Suggestions of a tie-up between the two firms have snowballed since Glencore began planning for an initial public offering last year. At the time of issuing a £1.4bn bond in December, Glencore said it could pursue a flotation in possible combination with a merger, although it did not name the prospective target company.

Glencore and Xstrata share a chairman in Will Strothotte. Glencore boss Ivan Glasenberg also sits on the board of Xstrata as a non-executive director. Xstrata chief executive Mick Davis would have control of the fused entity should the two companies merge, it is understood.

A marriage between Glencore and Xstrata would create a FTSE100 supergroup larger than Anglo American, with whom Xstrata unsuccessfully tried to merge last year.

Xstrata is valued at £33.4bn according to Friday’s share price. Glencore is worth £21.9bn according to its Christmas bond issue, but the complexities of its trading business make an accurate valuation fiendishly difficult to calculate.

Glencore and Xstrata declined to comment on plans for a tie-up.

Glencore has become renowned for its secrecy in the 36 years since it was founded by Marc Rich, a controversial commodities trader. Rich fled the US as a fugitive after being convicted of tax evasion before he was pardoned by then-President Bill Clinton in 2001.

Rich sold his stake in the company to management. But a merger could crystallise multi-million pound fortunes for Glasenberg and other executives, converting their relatively illiquid holdings into shares traded on the London market. Locking in talented Glencore figures will be a challenge should the deal go ahead.

GLENCORE and Xstrata’s impending nuptials will throw off a confetti shower of up to £500m in fees for City advisers.

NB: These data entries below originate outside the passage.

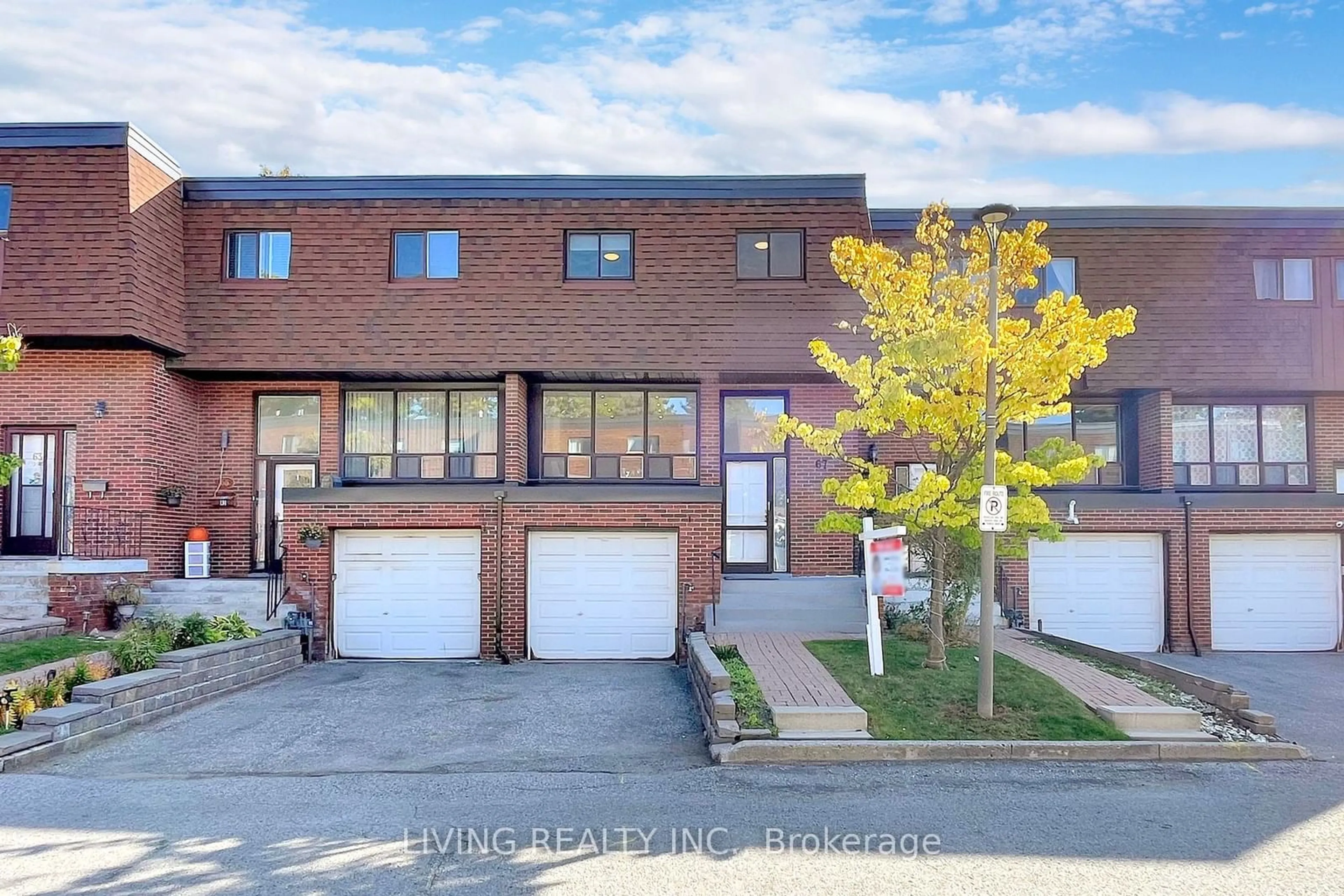 A pic from exterior of the house or condo, the street view for 67 Stately Way, Markham Ontario L3T 3Z9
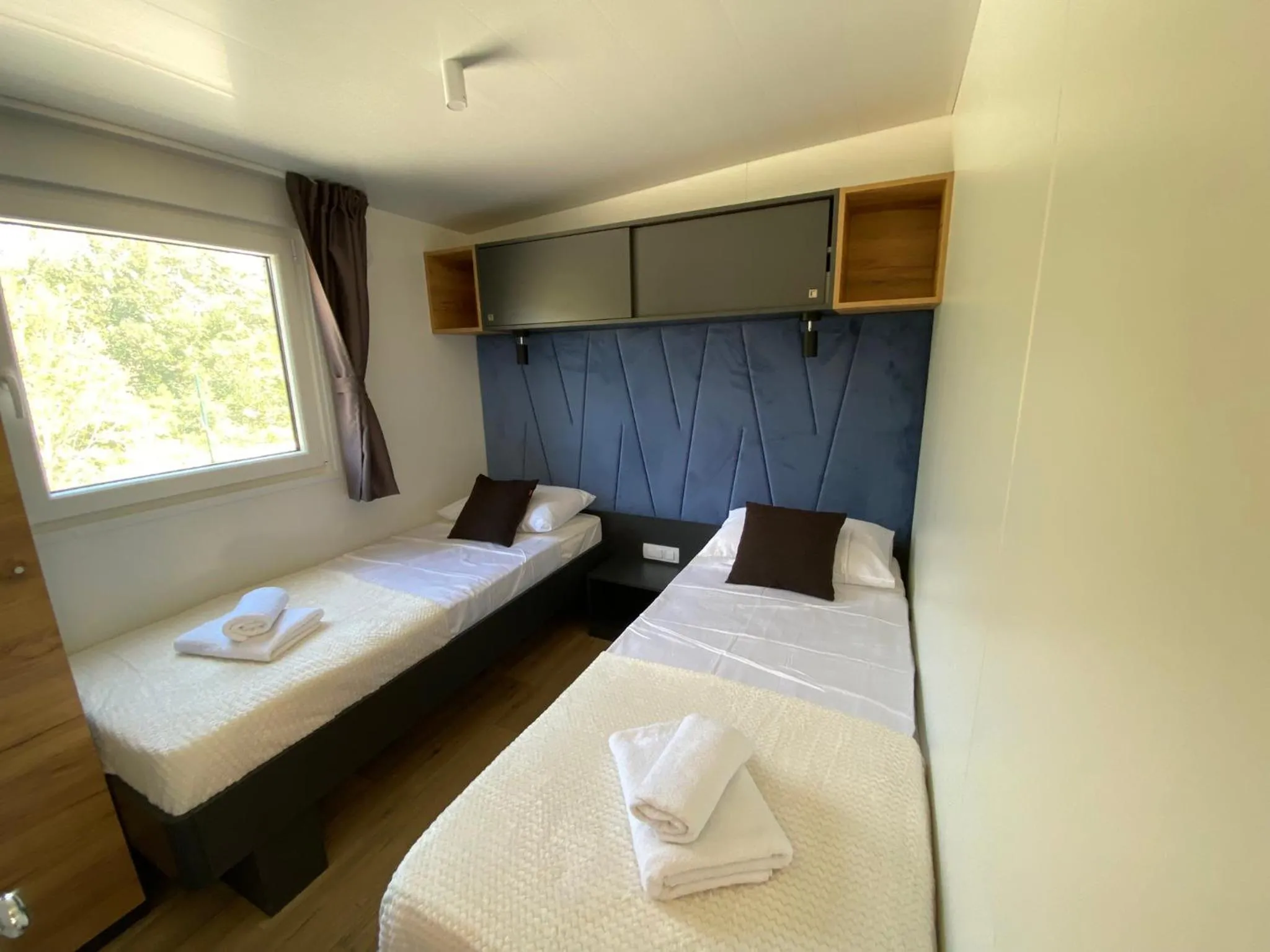Bed in Mobile Home Saky, Biograd na Moru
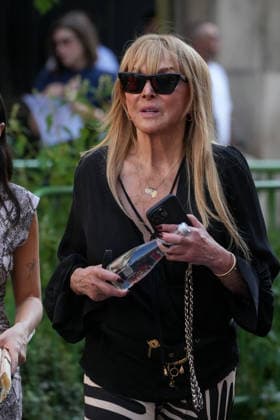 Babeth Djian at the Dior Homme Spring Summer 2027 Ready-to-Wear fashion show during Paris Fashion Week on June 24, 2026. Anne Sophie Guebey, Bestimage. Celebrities at the Dior Homme Spring Summer 2027 Ready-to-Wear fashion show during Paris Fashion Week on June 24, 2026, Paris, France  Copyright: xAnne-SophiexGuebeyx xBestimagexAnne-SophiexGuebeyx xBestimagex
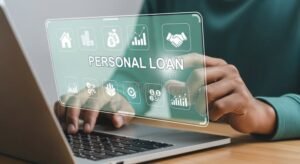 Cuáles Son Las Mejores Opciones Si Me Urge Un Préstamo En Línea 2 persona usando computadora para solicitud prestamo online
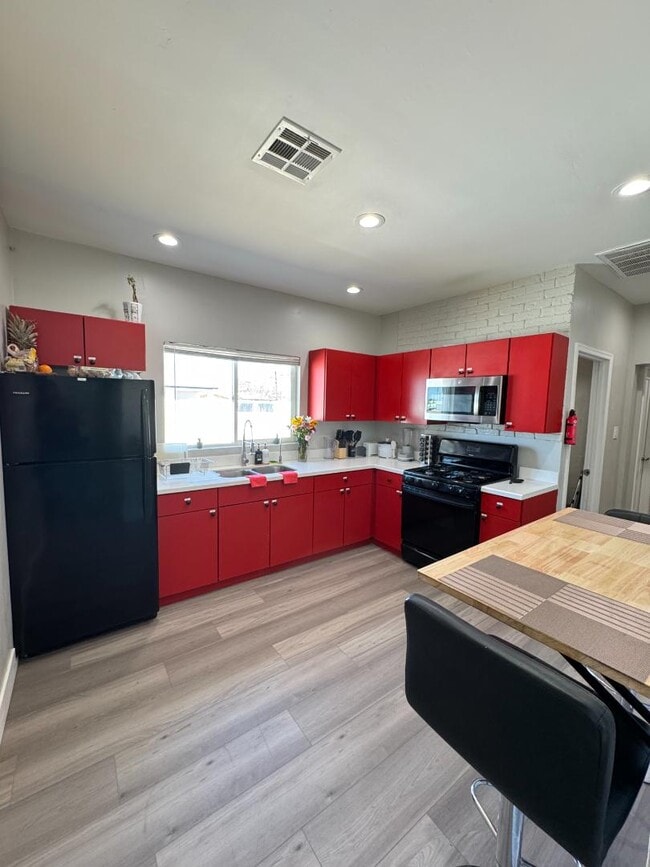 Photo - 1845 E Monroe St Apartment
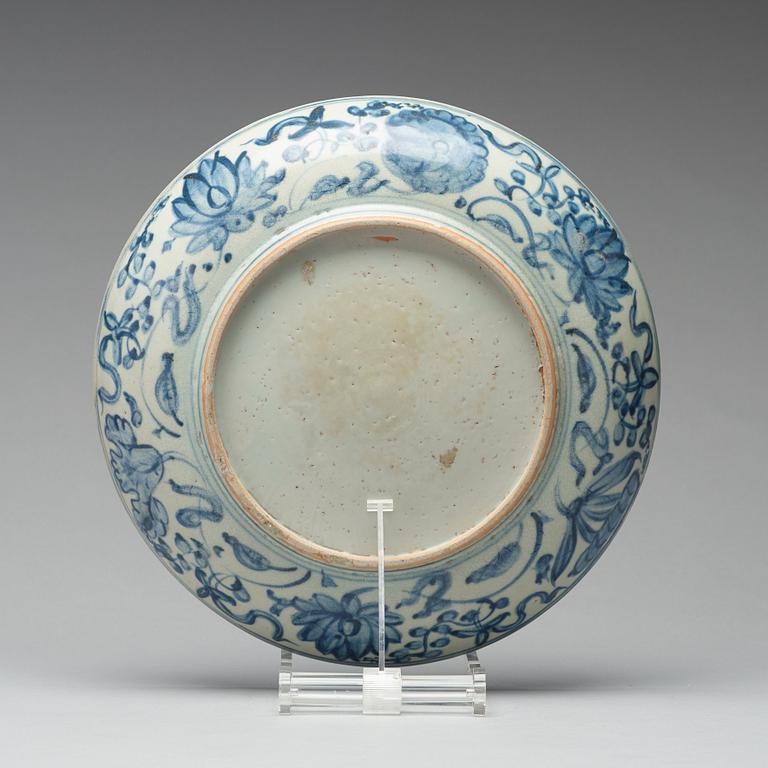 A blue and white dish, Ming dynasty (1368-1644).
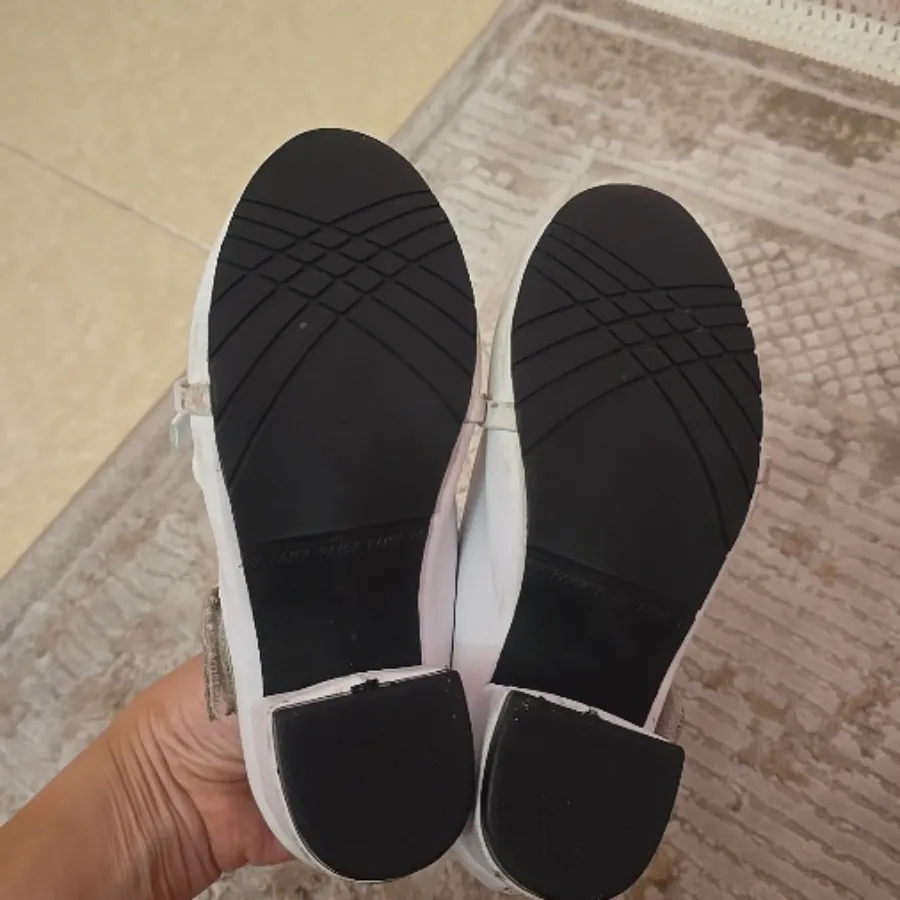 کفش پاشنه دار بچگانه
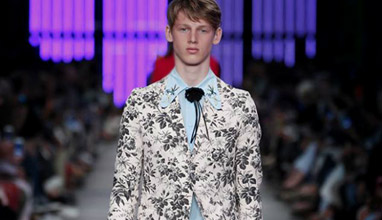 Men's suits 2016 fashion trends: Floral motifs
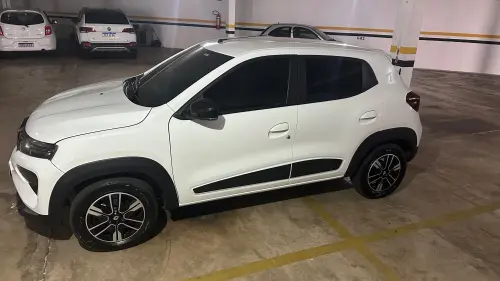 Renault KWID 1.0 12V SCE Intense 4 portas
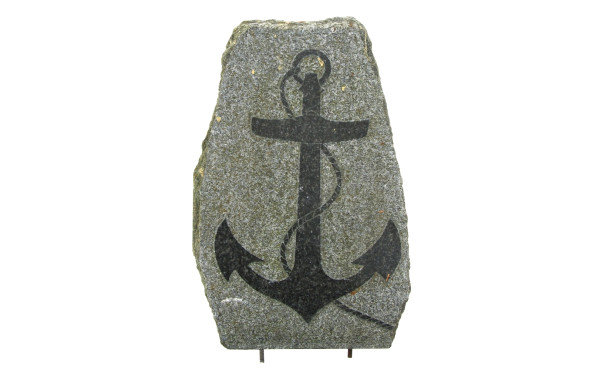 Bloc de granit brut gravé d'une ancre de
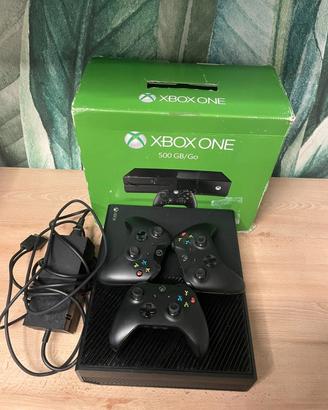 xbox one console 500GB + 3 Gamepad e scatola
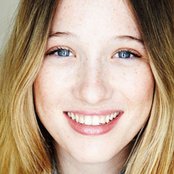 Sophie Lowe - List pictures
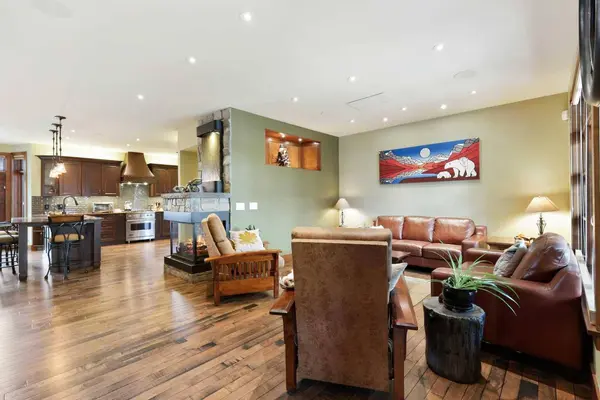 2908 7 AVE NW, Calgary, AB T2N 1B2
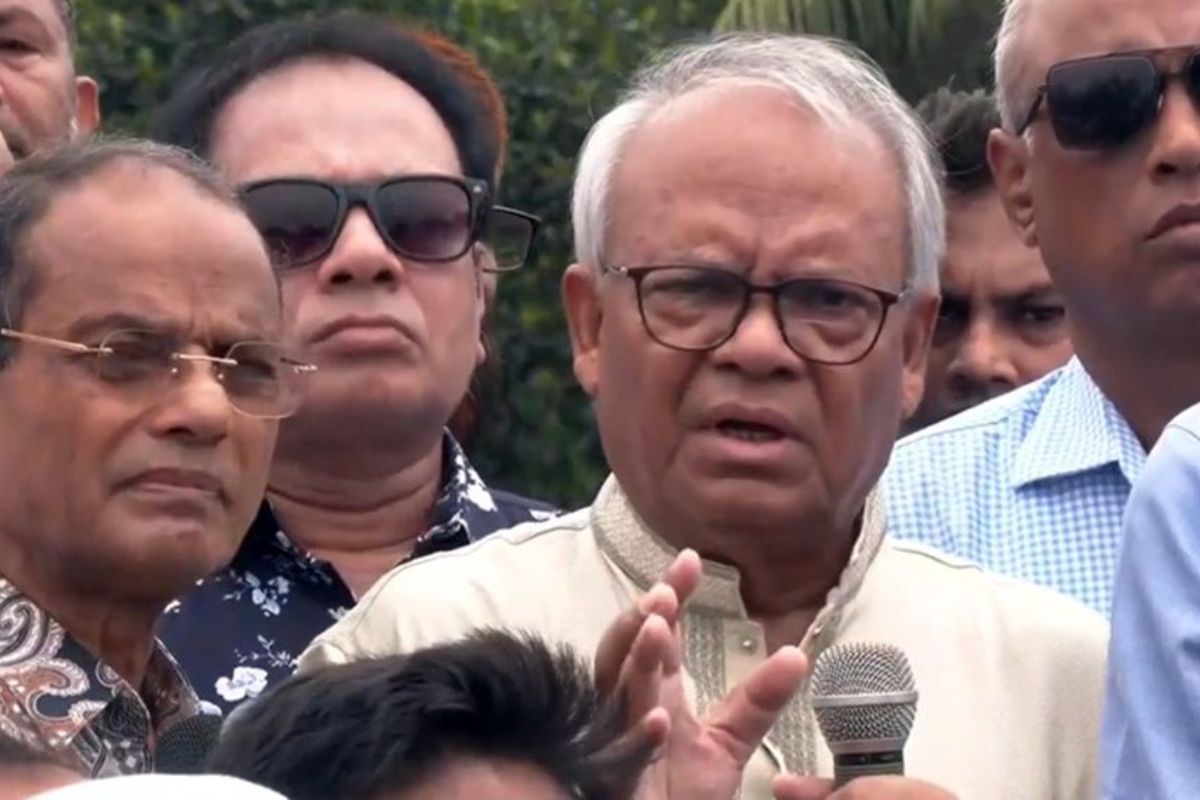 দেড় সপ্তাহের মধ্যে গ্যাস-বিদ্যুৎ সংকট কাটবে: রিজভী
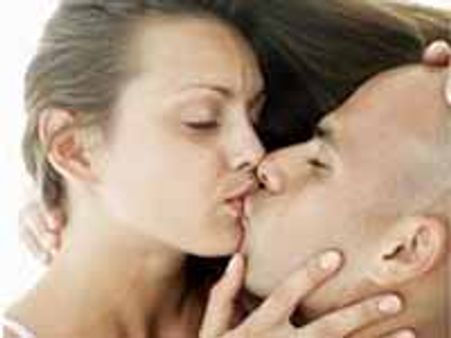 స్పైసీ సెక్స్‌కు రెడీ కండి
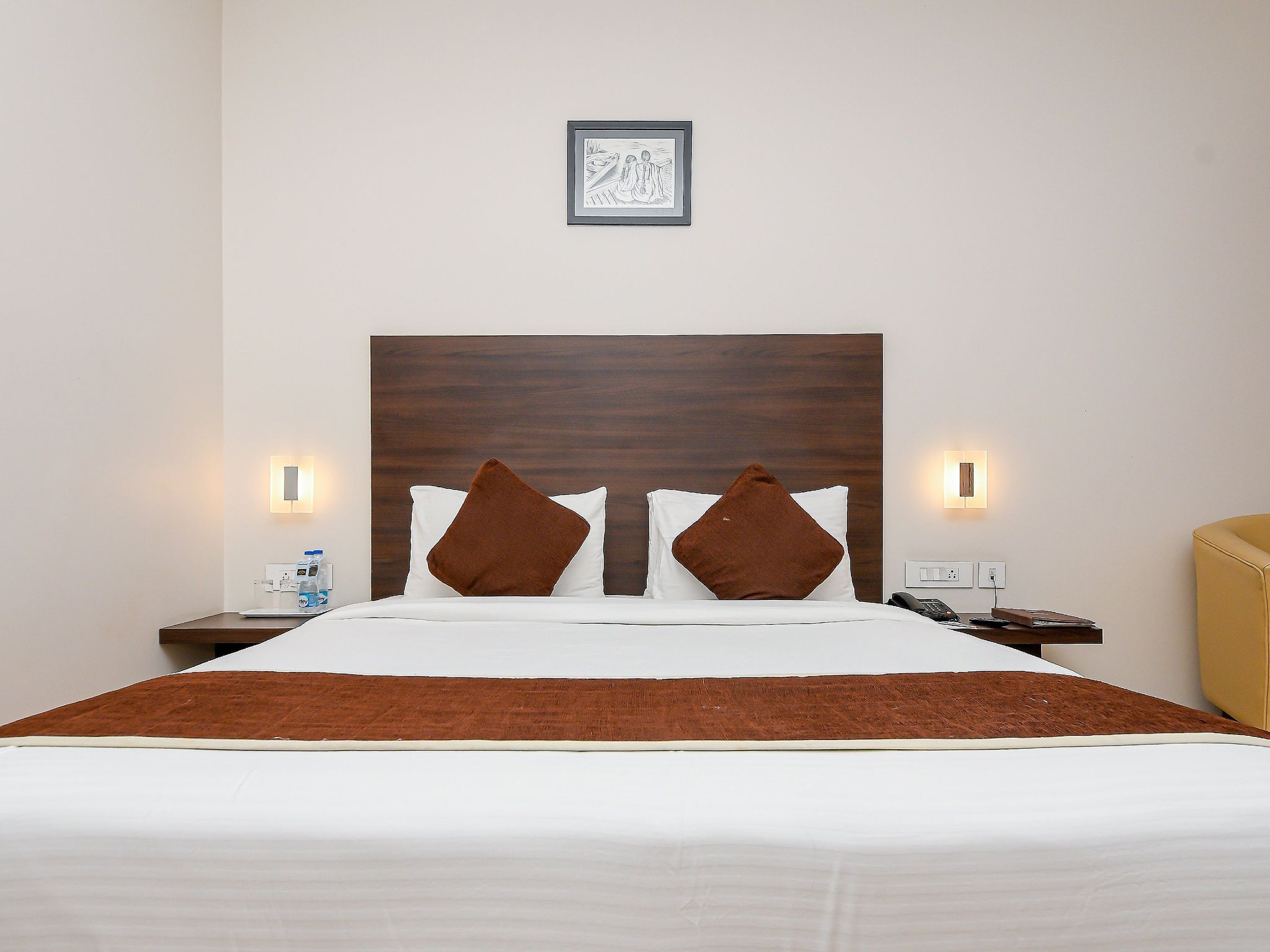 Y N Hotels Deluxe Room 11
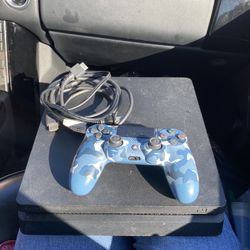 PS4 w/ Accessories 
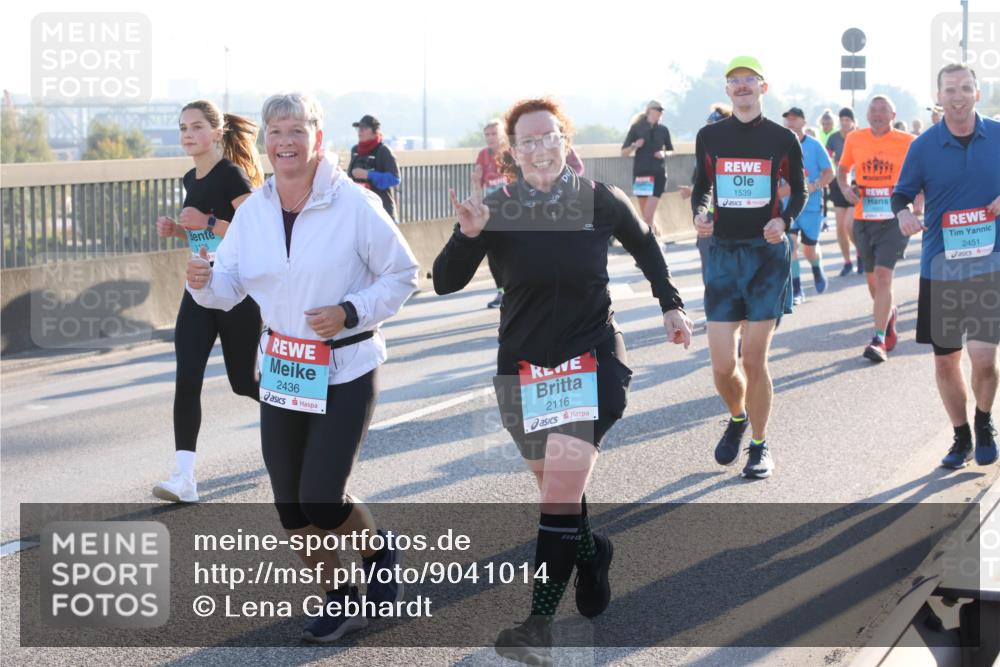 03.10.2025 - Köhlbrandbrückenlauf Lena Gebhardt http://msf.ph/oto/9041014 03.10.2025 09:25:22 Position 1 2436, 2116, 1539, 2451 meine-sportfotos.de
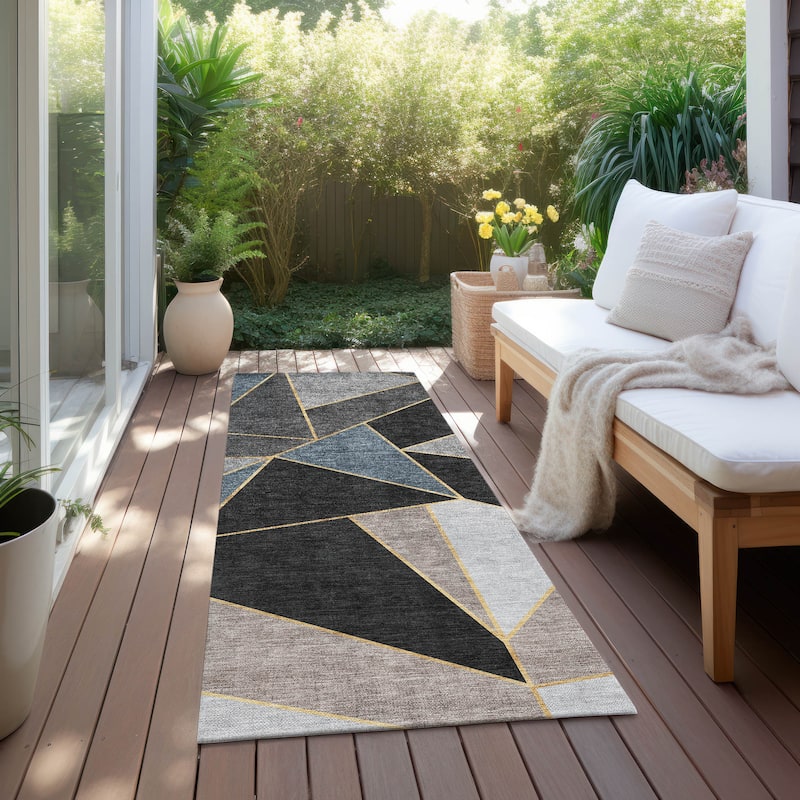 Machine Washable Indoor/ Outdoor Chantille Contemporary Mosaic Rug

Set to snap up the lion’s share of the fees is Deutsche Bank.

The German bank has a long-running relationship with Xstrata and will take a leading role in advising the FTSE 100 miner.

In Glencore’s corner are Morgan Stanley, Citigroup and reportedly Credit Suisse.

Glencore’s advisers and management are now said to be in second round meetings with top Xstrata shareholders. A deal would be the second-largest piece of corporate activity in the UK this year, after Prudential’s pursuit of AIA.